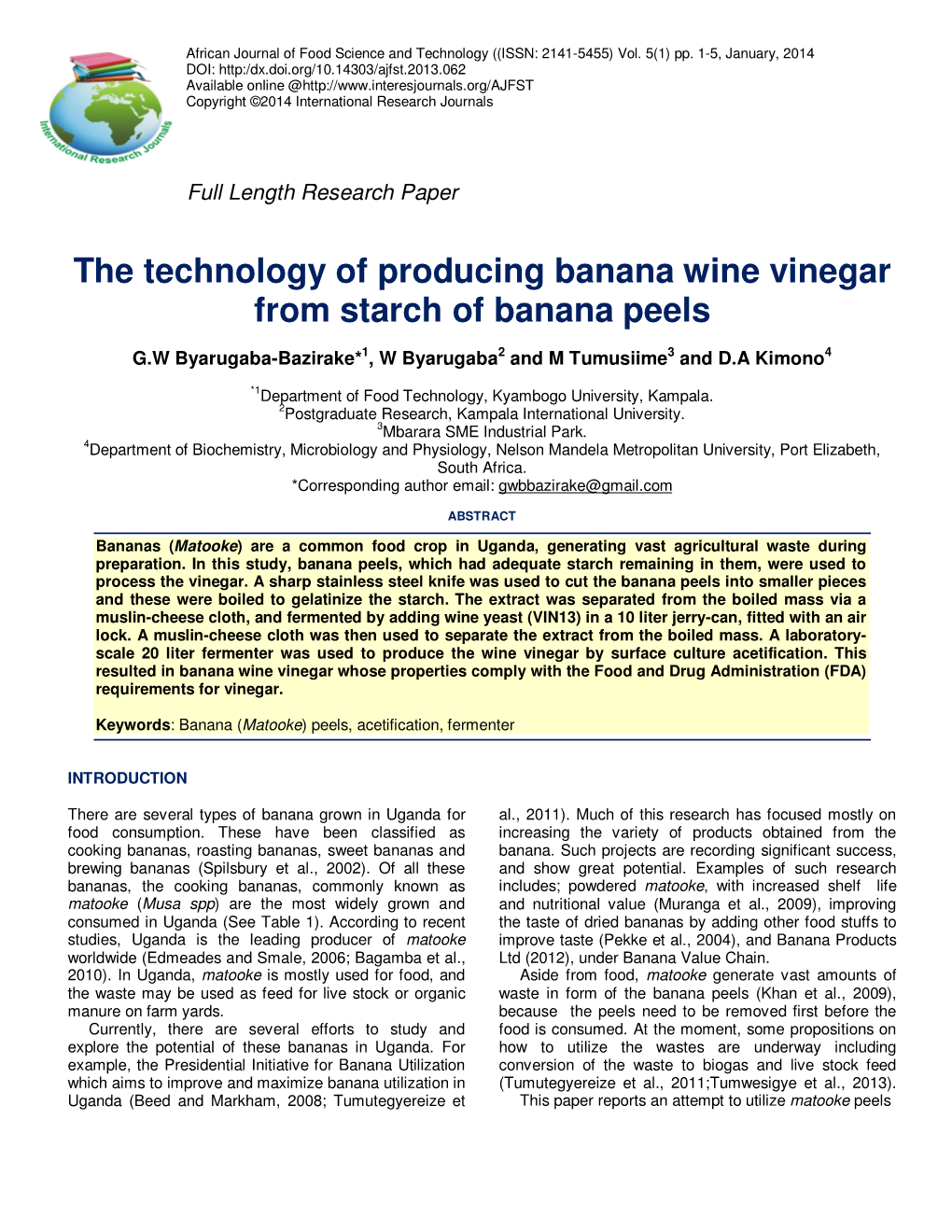 The Technology of Producing Banana Wine Vinegar from Starch of Banana Peels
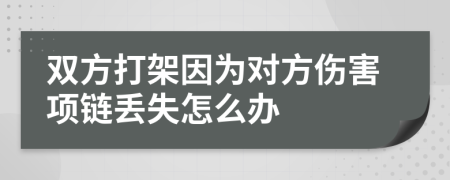 双方打架因为对方伤害项链丢失怎么办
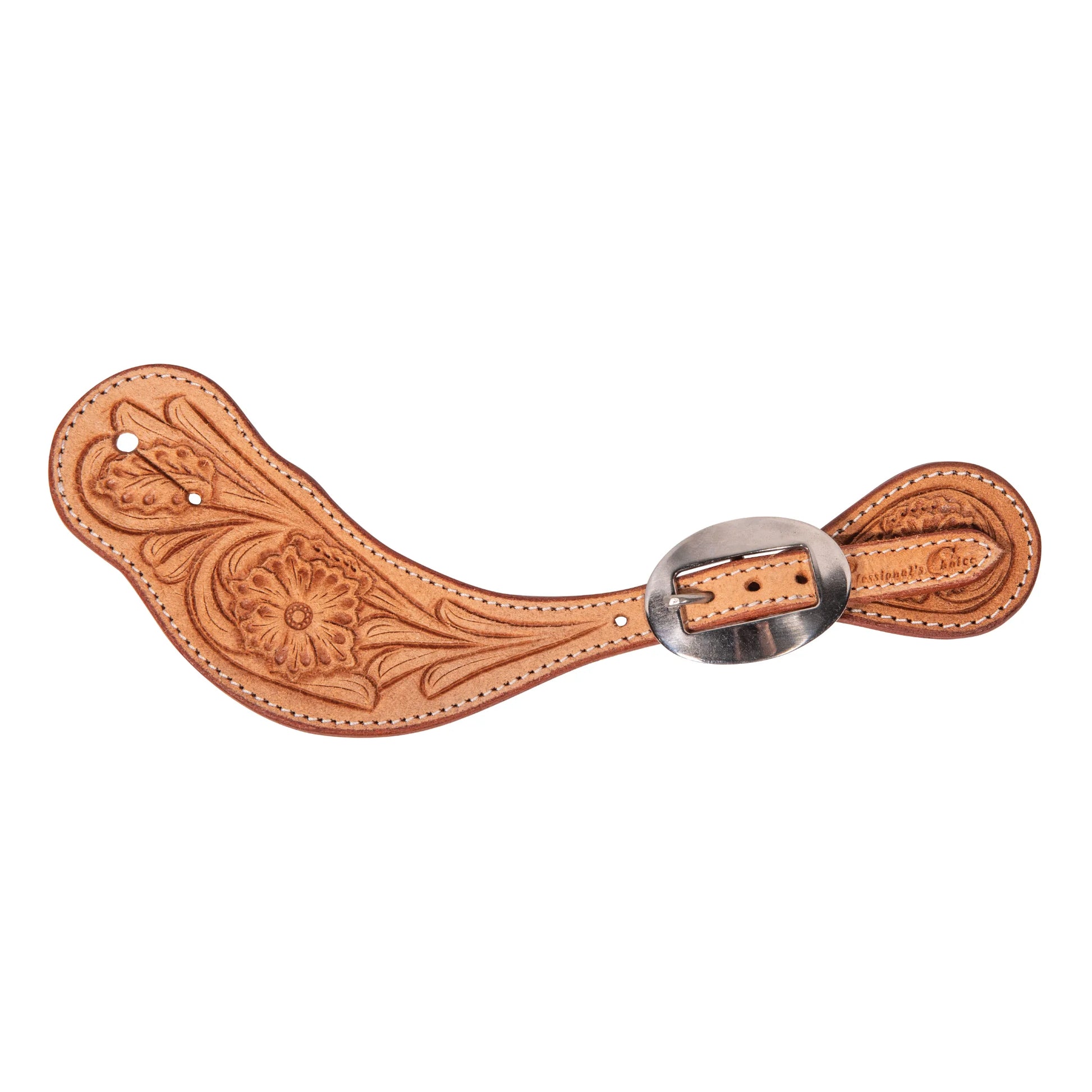 Professional's Choice Floral Rough Out Spur Straps - Durable Western Tooled Leather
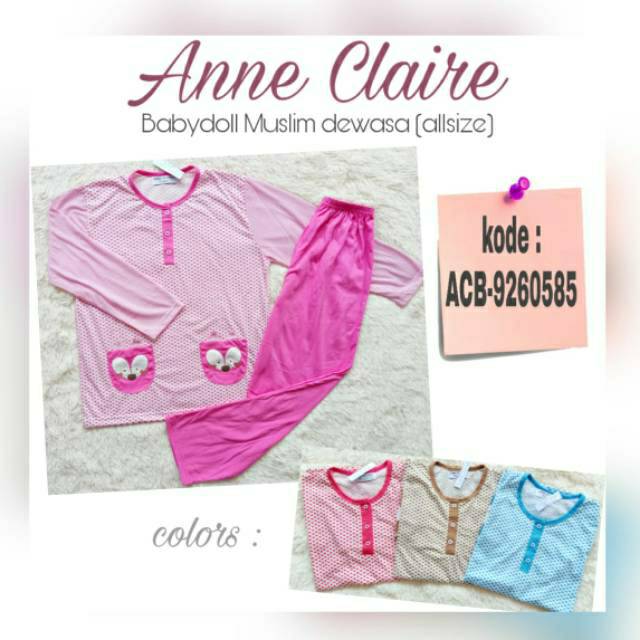 Babydoll Anne Claire Lengan Panjang Celana Panjang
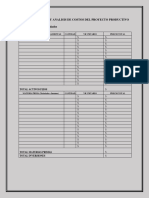 REQUERIMIENTOS Y ANALISIS DE COSTOS DEL PROYECTO PRODUCTIVO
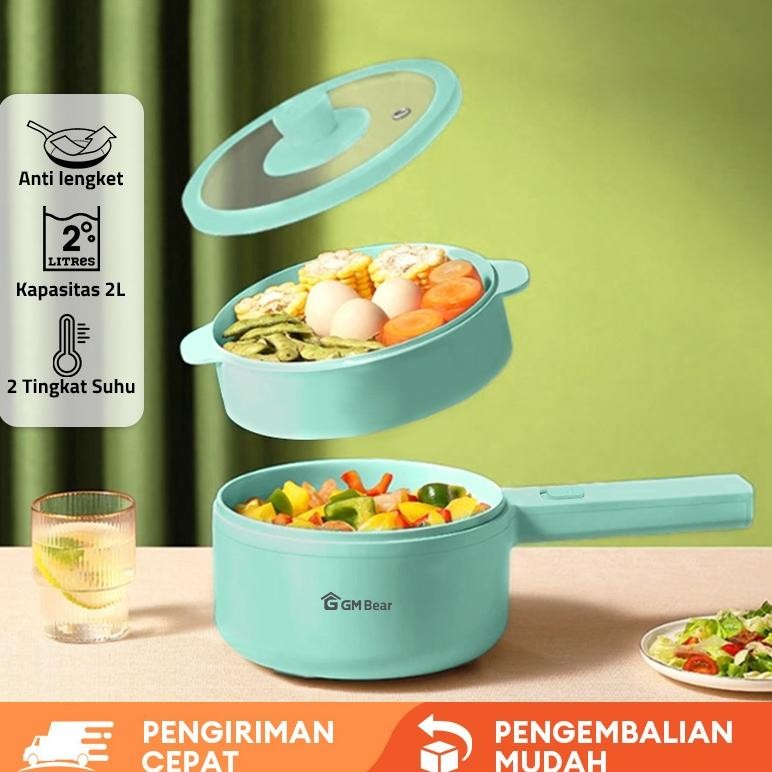 GM Bear Panci Listrik Serbaguna 2L P0257 - Panci Penggorengan Listrik Panci Elektrik Panci Listrik A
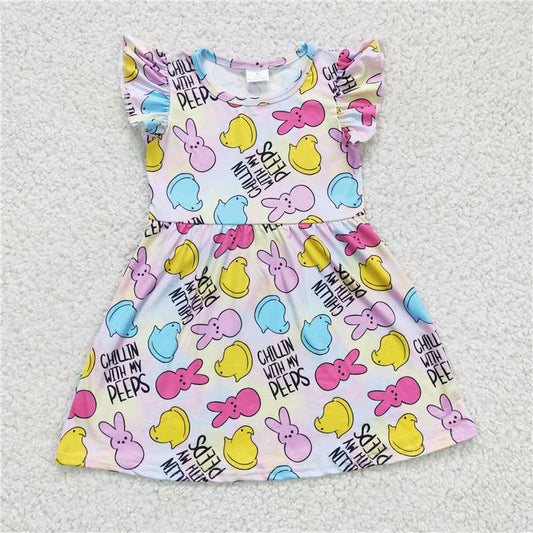 8.5 RTS NO MOQ Summer Baby Girls Dresses GSD0159 Easter Rabbits Knee Length Dresses
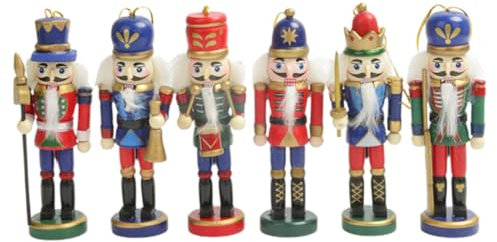 NOLITOY 6piezas Adornos Colgantes De Soldados De Nuez para Decoración Navideña Muñecos De Madera para Árbol De Navidad Decoración Creativa para Hogar y Eventos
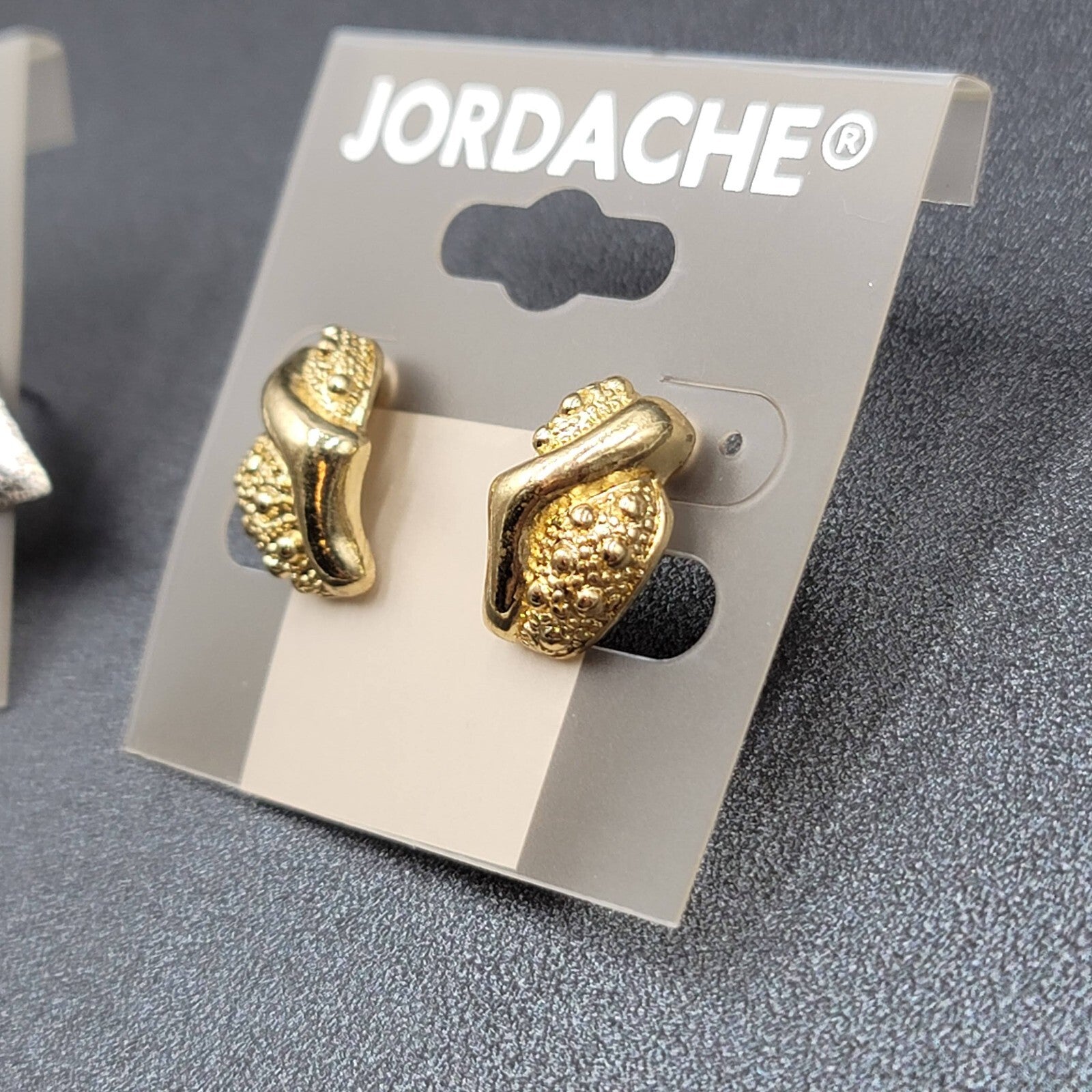 Vintage Jordache Pierced Earrings Lot of 2 Silver tone Gold tone Drop NOS w Tags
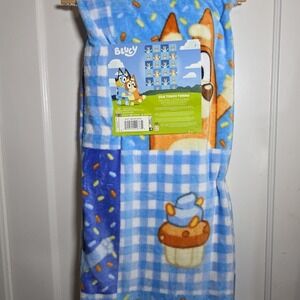 Bluey & Friends 50 x 70 Blue Soft Plush Quilt Design Kids Throw Blanket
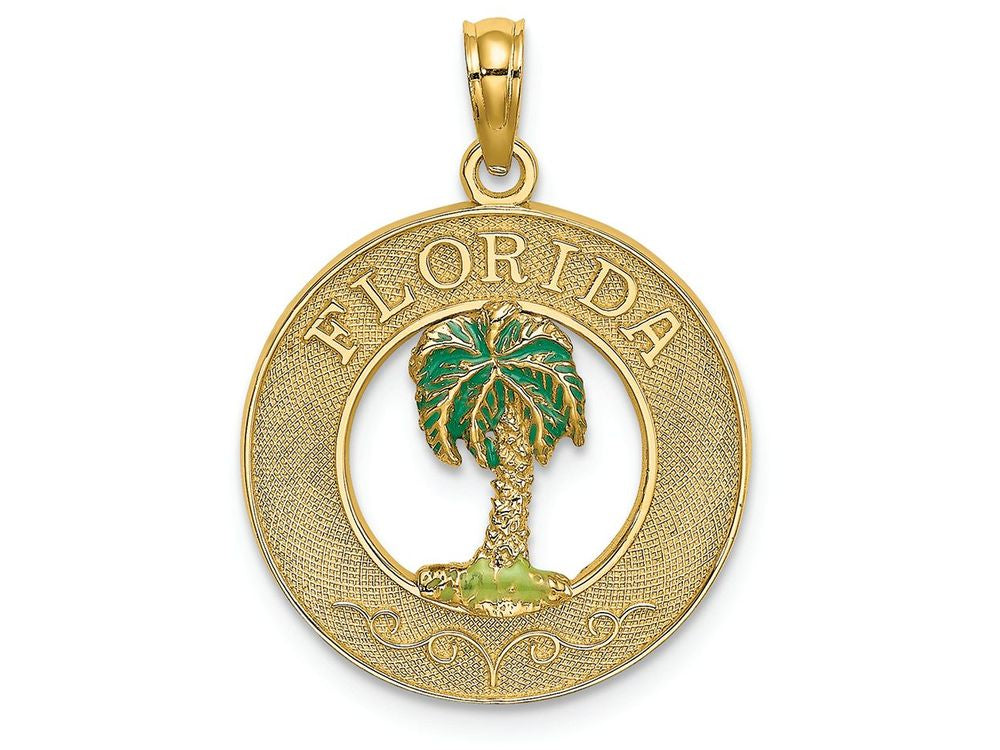 FJC Finejewelers 14k Yellow Gold Florida On Round Frame with Green Palm Tree Center Charm
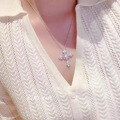 wholesale Sterling Silver New ZHUOZHIFAN Jewelry 925 Silver Ins Sparkling Cross Necklace European Luxury Micro-Inlaid Pendant Women's 40+5-0-3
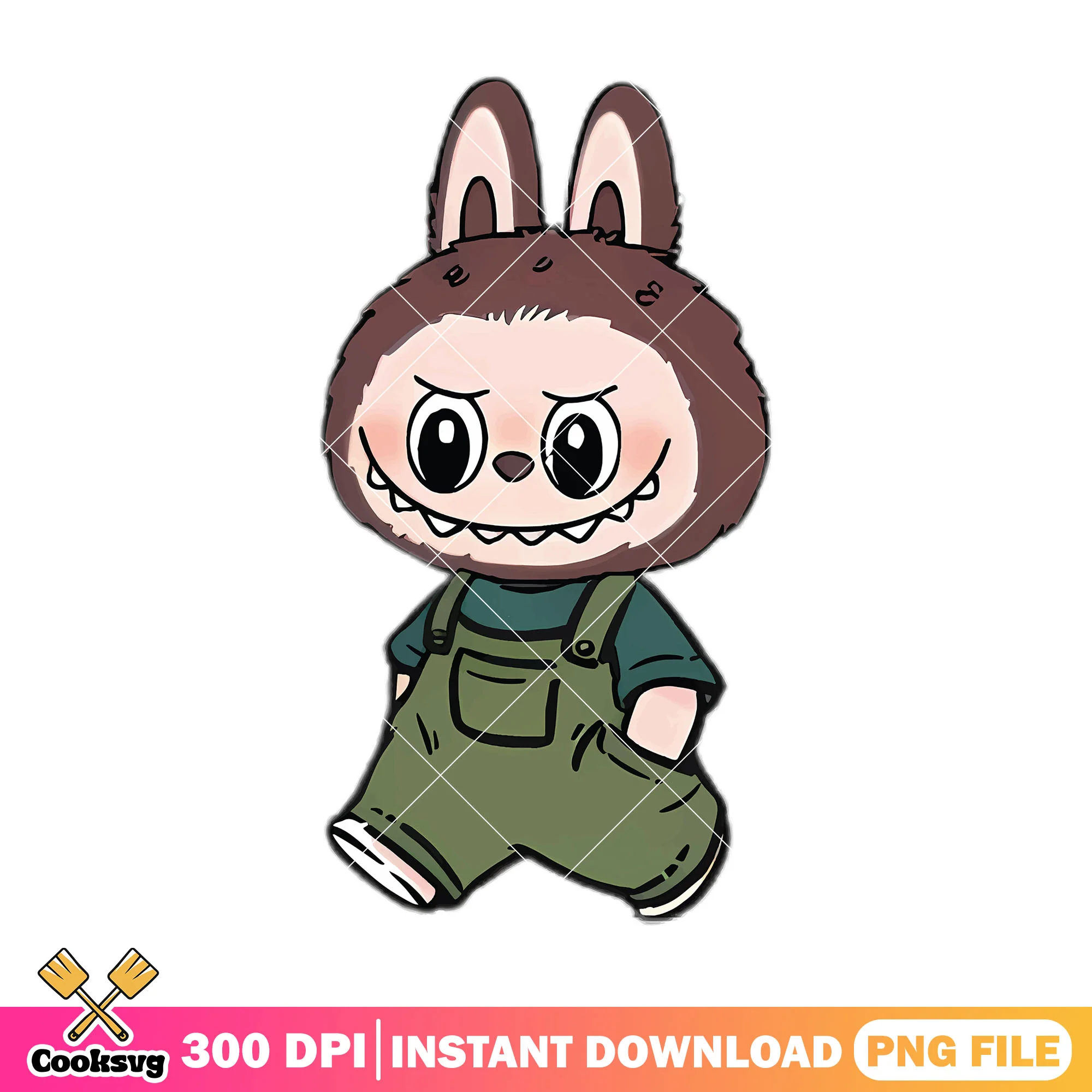 Brown labubu monster design png, labubu cute png, labubu hehe png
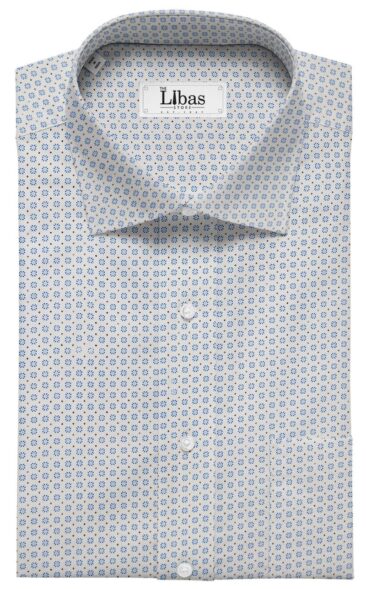 Raymond Men's Dark Firozi Blue Self Checks Poly Viscose Trouser Fabric With White Printed Cotton Shirt Fabric (Unstitched Combo)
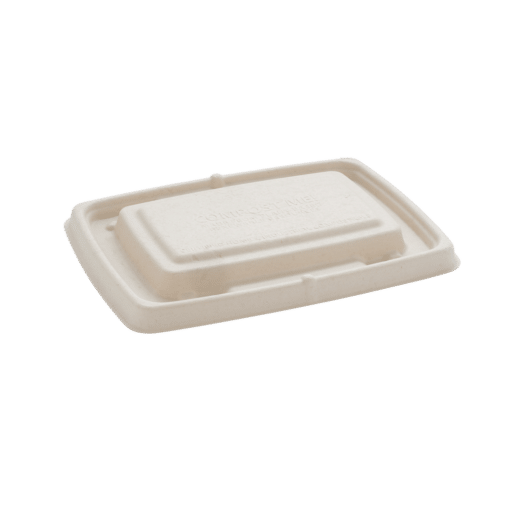 Sugarcane lid for rectangular menu tray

• **TASK DESCRIPTION**:
Everything from the line with "Professional's Choice Floral" through the end of the records above, both ends included, is to be reproduced exactly, and nothing outside that span; the pictures are to be dropped.

• **THE COMPLETED TASK**:
 Professional's Choice Floral Rough Out Spur Straps - Durable Western Tooled Leather
 Babydoll Anne Claire Lengan Panjang Celana Panjang
 REQUERIMIENTOS Y ANALISIS DE COSTOS DEL PROYECTO PRODUCTIVO
 GM Bear Panci Listrik Serbaguna 2L P0257 - Panci Penggorengan Listrik Panci Elektrik Panci Listrik A
 8.5 RTS NO MOQ Summer Baby Girls Dresses GSD0159 Easter Rabbits Knee Length Dresses
 NOLITOY 6piezas Adornos Colgantes De Soldados De Nuez para Decoración Navideña Muñecos De Madera para Árbol De Navidad Decoración Creativa para Hogar y Eventos
 Vintage Jordache Pierced Earrings Lot of 2 Silver tone Gold tone Drop NOS w Tags
 Bluey & Friends 50 x 70 Blue Soft Plush Quilt Design Kids Throw Blanket
 FJC Finejewelers 14k Yellow Gold Florida On Round Frame with Green Palm Tree Center Charm
 wholesale Sterling Silver New ZHUOZHIFAN Jewelry 925 Silver Ins Sparkling Cross Necklace European Luxury Micro-Inlaid Pendant Women's 40+5-0-3
 Brown labubu monster design png, labubu cute png, labubu hehe png
 Raymond Men's Dark Firozi Blue Self Checks Poly Viscose Trouser Fabric With White Printed Cotton Shirt Fabric (Unstitched Combo)
 Sugarcane lid for rectangular menu tray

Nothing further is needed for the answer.